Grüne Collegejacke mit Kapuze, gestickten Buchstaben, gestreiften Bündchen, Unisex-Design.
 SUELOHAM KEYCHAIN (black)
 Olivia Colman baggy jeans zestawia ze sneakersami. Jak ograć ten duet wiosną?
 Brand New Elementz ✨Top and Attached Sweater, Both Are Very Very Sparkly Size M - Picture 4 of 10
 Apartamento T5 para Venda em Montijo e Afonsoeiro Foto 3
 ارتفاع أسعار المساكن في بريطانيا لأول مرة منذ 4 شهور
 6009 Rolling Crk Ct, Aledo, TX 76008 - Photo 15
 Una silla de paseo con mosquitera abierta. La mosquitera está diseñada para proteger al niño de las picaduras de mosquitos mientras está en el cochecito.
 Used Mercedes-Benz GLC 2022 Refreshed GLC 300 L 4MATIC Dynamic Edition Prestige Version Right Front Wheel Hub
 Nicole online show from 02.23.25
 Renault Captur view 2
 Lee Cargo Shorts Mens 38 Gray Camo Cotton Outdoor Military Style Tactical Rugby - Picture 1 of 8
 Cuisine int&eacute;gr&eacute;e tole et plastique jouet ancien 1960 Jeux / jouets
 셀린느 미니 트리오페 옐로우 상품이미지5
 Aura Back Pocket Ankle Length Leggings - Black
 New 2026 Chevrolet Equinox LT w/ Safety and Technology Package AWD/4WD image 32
::::::
TASK DESCRIPTION. What is needed is each line of the entries that contains the word "Picture".

ANSWER SPACE.
 Brand New Elementz ✨Top and Attached Sweater, Both Are Very Very Sparkly Size M - Picture 4 of 10
 Lee Cargo Shorts Mens 38 Gray Camo Cotton Outdoor Military Style Tactical Rugby - Picture 1 of 8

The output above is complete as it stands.